TASK BRIEF: Your transcription must include every record word for word and no pictures.

DATA SHOWN:
####################
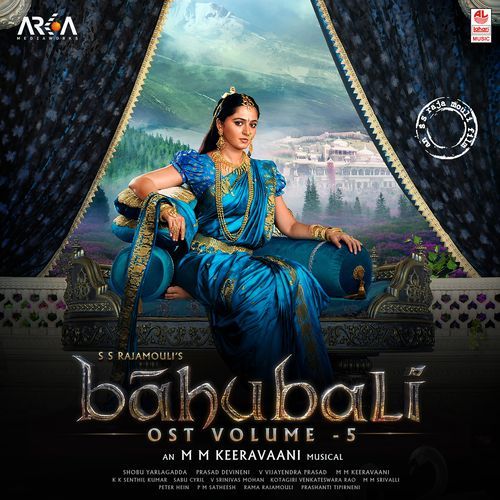 Baahubali Ost - Volume 5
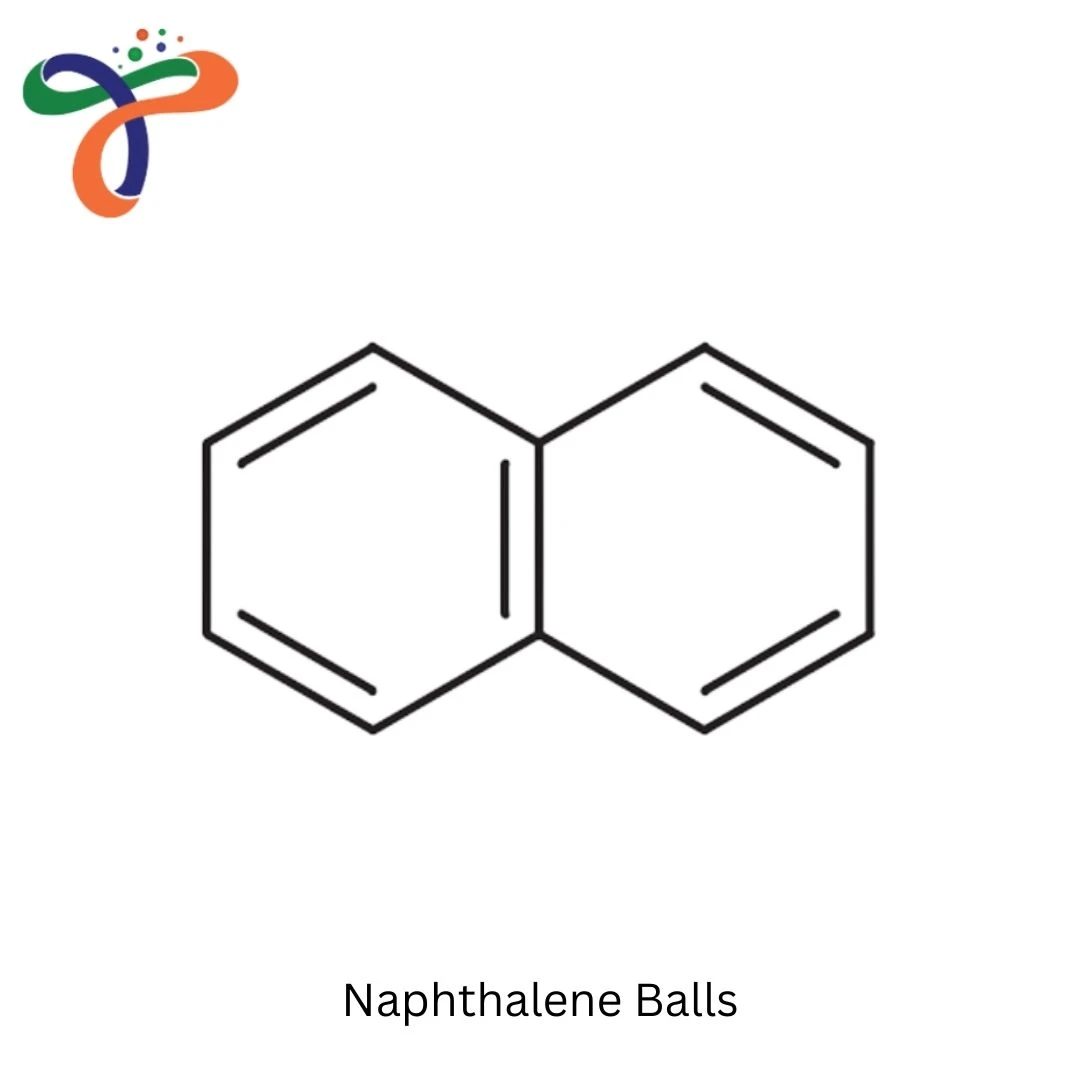Naphthalene Balls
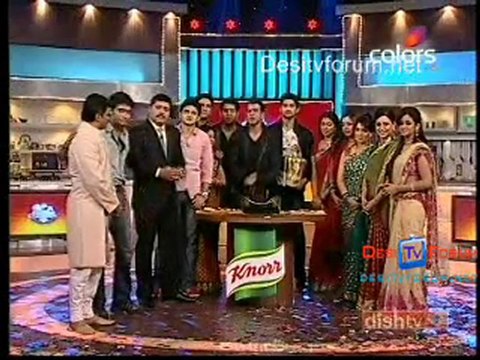Kitchen Champion - 20th August 2010 - Pt8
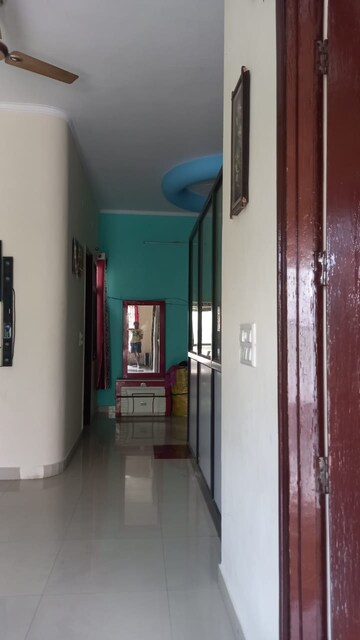 Building Lobby in 4 BHK Villa at Gms Road – for Sale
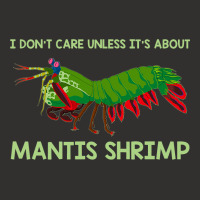 Crustacean I Dont Care Unless It’s About Mantis  Champion Hoodie | Artistshot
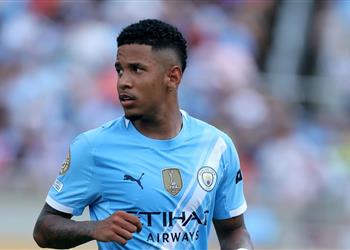 مانشسستر سيتي يحدد سعر بيع سافينيو إلى توتنهام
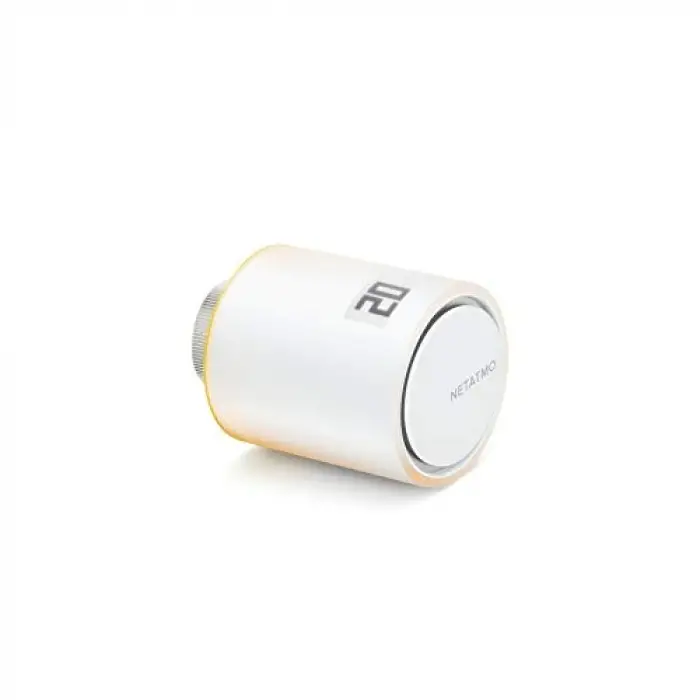 Netatmo Nav-EN Akıllı Ek Radyatör Vanası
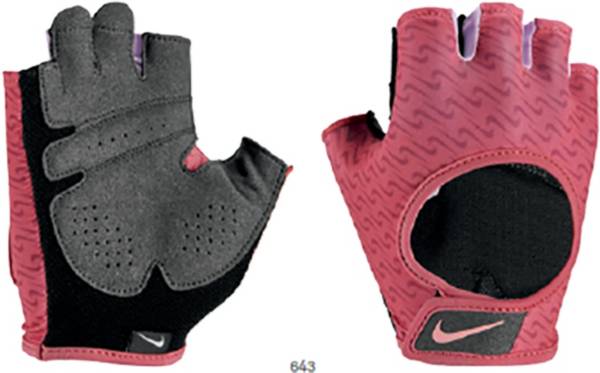 Nike Women's Gym Ultimate Fitness Gloves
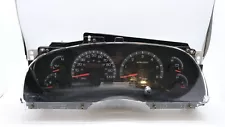 1999 FORD F150 USED DASHBOARD INSTRUMENT CLUSTER FOR SALE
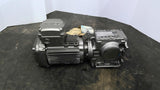 Sew S5780M4/IS 20.33:1 Ratio Gear Reducer 1 HP 4P 220-230/380 V TEFC 50 HZ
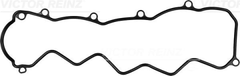 Dichtung Zylinderkopfhaube für CITROËN FIAT IVECO PEUGEOT RENAULT TRUCKS JUMPER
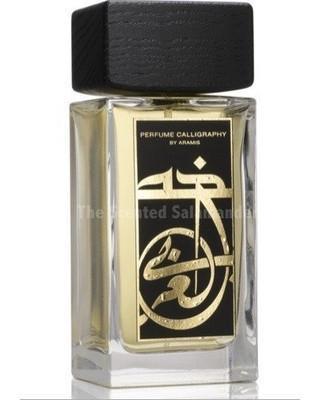 Aramis Perfume Calligraphy - premium fragrance for sophisticated tastes.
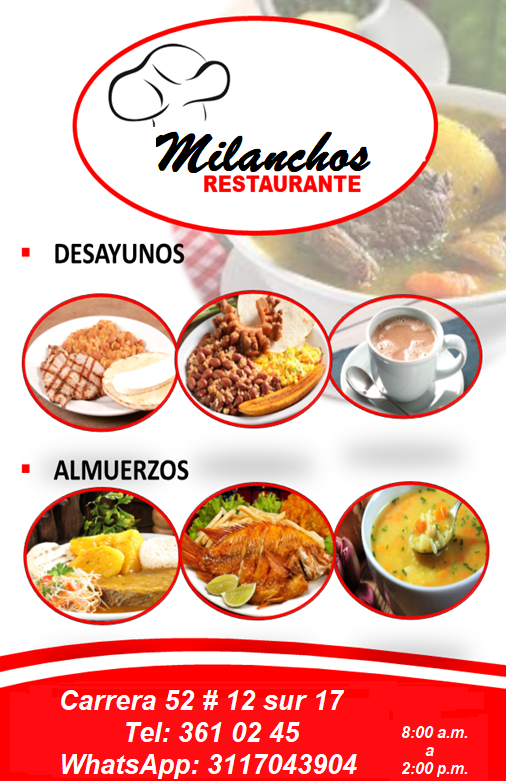 MILANCHOS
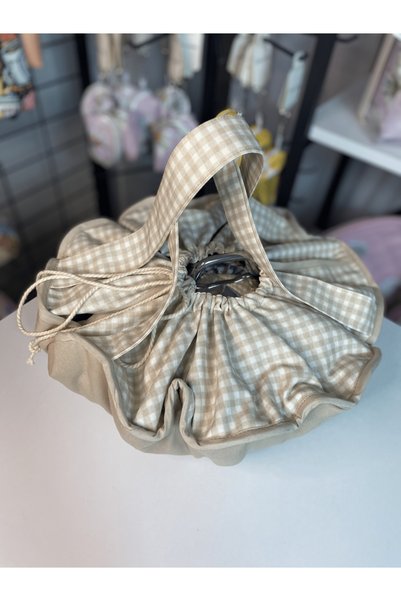 Pearl Teks Pot Carrying Bag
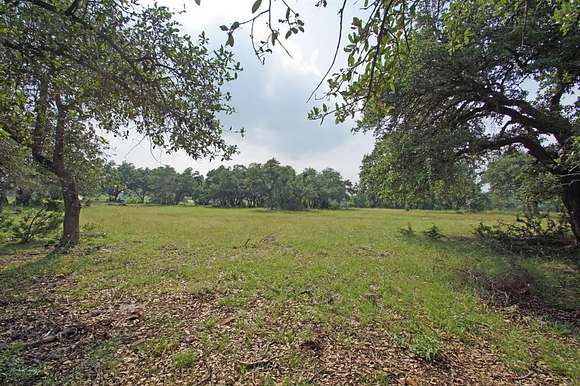 5.011 Acres of Residential Land for Sale in Georgetown, Texas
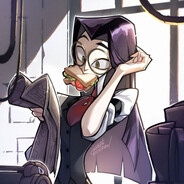 Steam Community Avatar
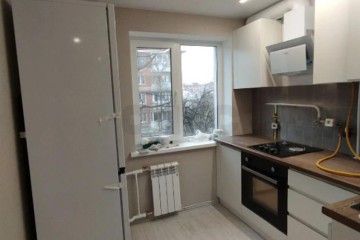 Фото №2: 1-комнатная квартира 31 м² - Краснодар, мкр. Фестивальный, ул. Воровского, 184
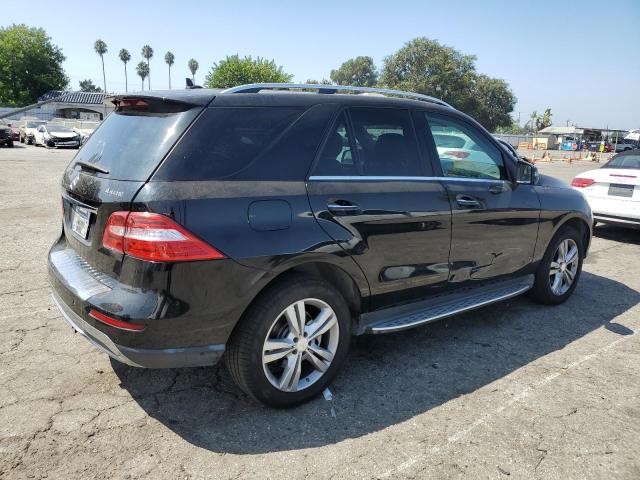 VIN 4JGDA5HB6DA195034 2013 Mercedes-Benz ML-Class, ... no.3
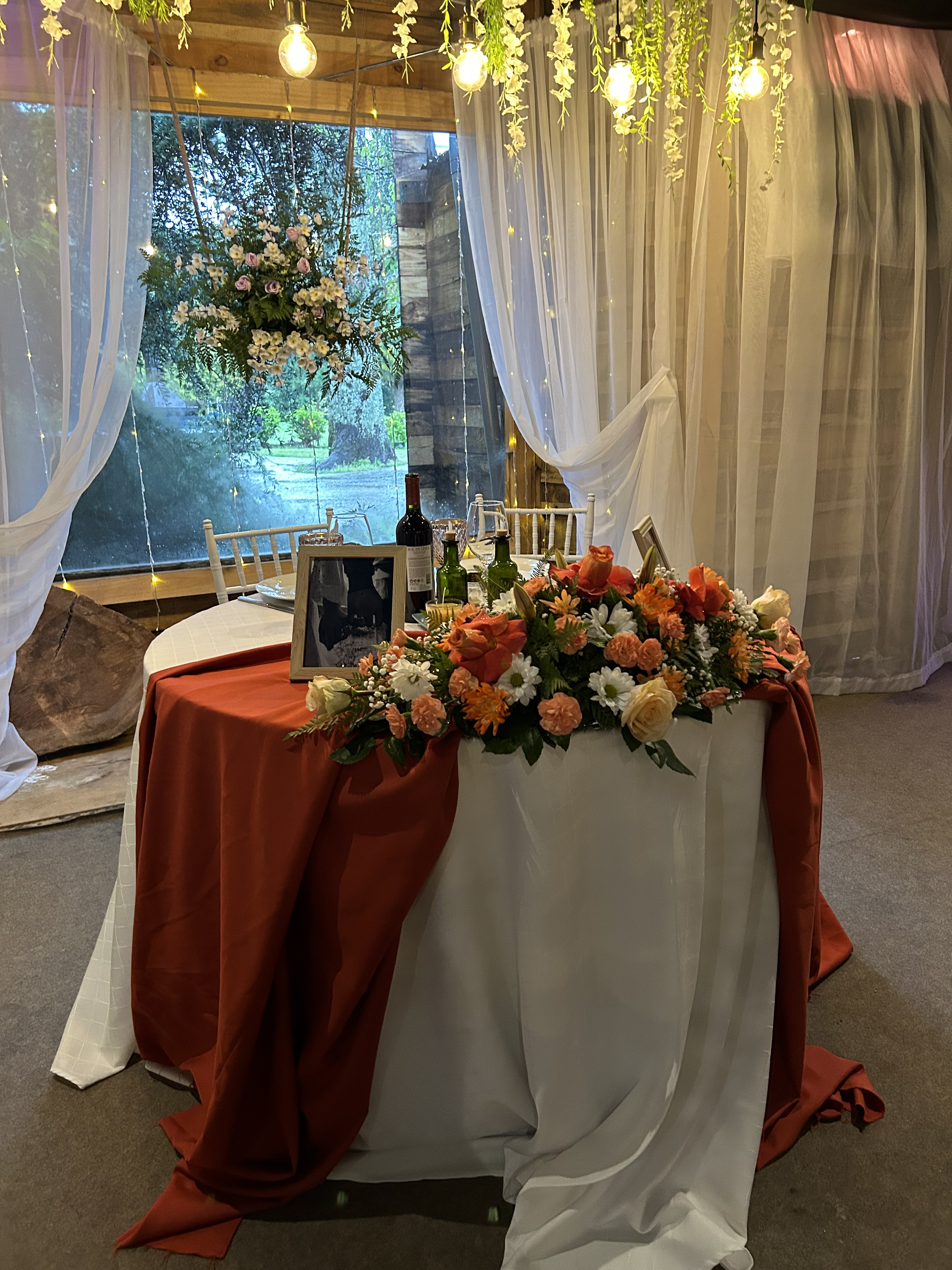 Centro de Eventos Rukalefun - Imagen 1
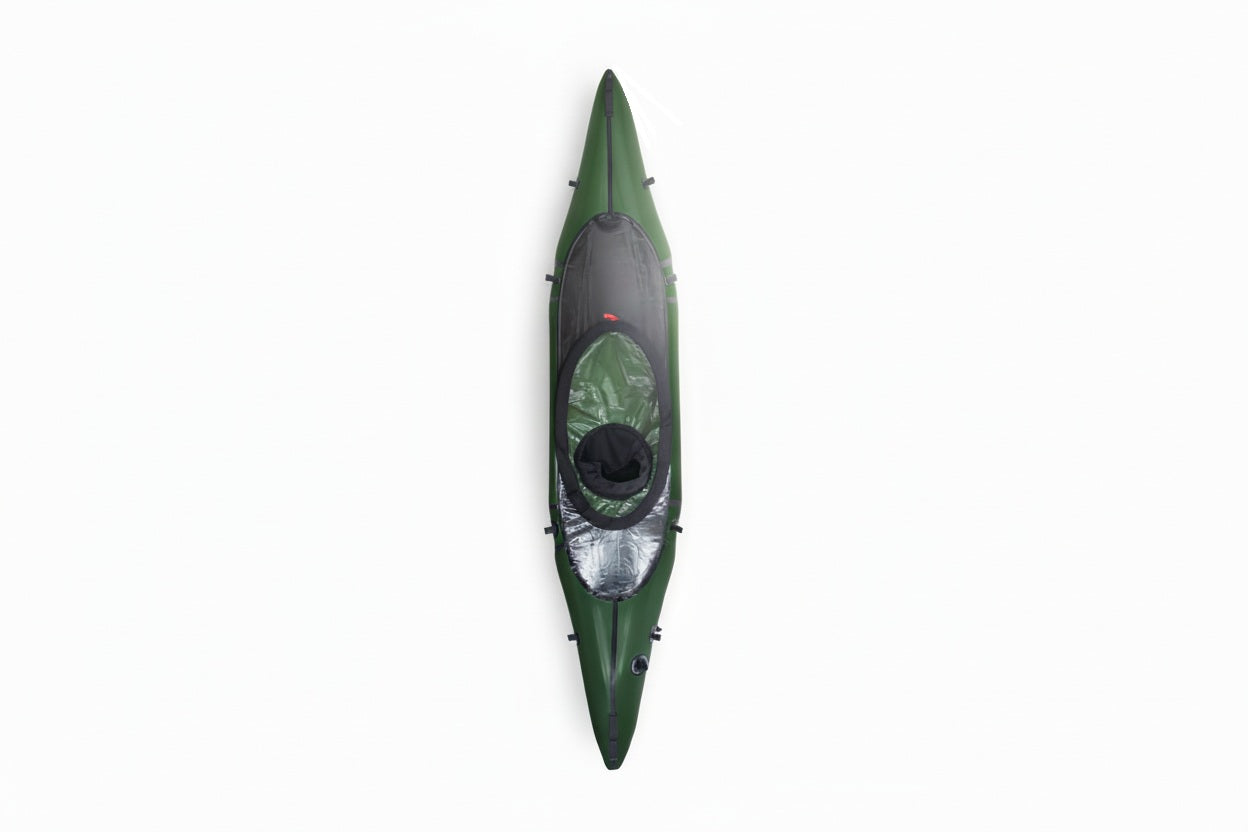 Current-Raft SeaPack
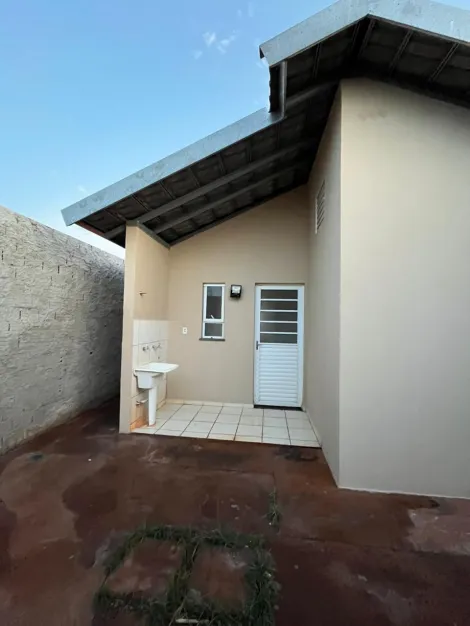 imagem 4 - Casa de 46m² com 02 quartos á venda - Jardim Cristo Redentor imagem 4 - Casa de 46m² com 02 quartos á venda - Jardim Cristo Redentor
####################
RESULT OF THE TASK:
 Baahubali Ost - Volume 5
Naphthalene Balls
Kitchen Champion - 20th August 2010 - Pt8
 Building Lobby in 4 BHK Villa at Gms Road – for Sale
 Crustacean I Dont Care Unless It’s About Mantis  Champion Hoodie | Artistshot
 مانشسستر سيتي يحدد سعر بيع سافينيو إلى توتنهام
 Netatmo Nav-EN Akıllı Ek Radyatör Vanası
 Nike Women's Gym Ultimate Fitness Gloves
 1999 FORD F150 USED DASHBOARD INSTRUMENT CLUSTER FOR SALE
 Sew S5780M4/IS 20.33:1 Ratio Gear Reducer 1 HP 4P 220-230/380 V TEFC 50 HZ
 Dichtung Zylinderkopfhaube für CITROËN FIAT IVECO PEUGEOT RENAULT TRUCKS JUMPER
 Aramis Perfume Calligraphy - premium fragrance for sophisticated tastes.
 MILANCHOS
 Pearl Teks Pot Carrying Bag
 5.011 Acres of Residential Land for Sale in Georgetown, Texas
 Steam Community Avatar
 Фото №2: 1-комнатная квартира 31 м² - Краснодар, мкр. Фестивальный, ул. Воровского, 184
 VIN 4JGDA5HB6DA195034 2013 Mercedes-Benz ML-Class, ... no.3
 Centro de Eventos Rukalefun - Imagen 1
 Current-Raft SeaPack
 imagem 4 - Casa de 46m² com 02 quartos á venda - Jardim Cristo Redentor imagem 4 - Casa de 46m² com 02 quartos á venda - Jardim Cristo Redentor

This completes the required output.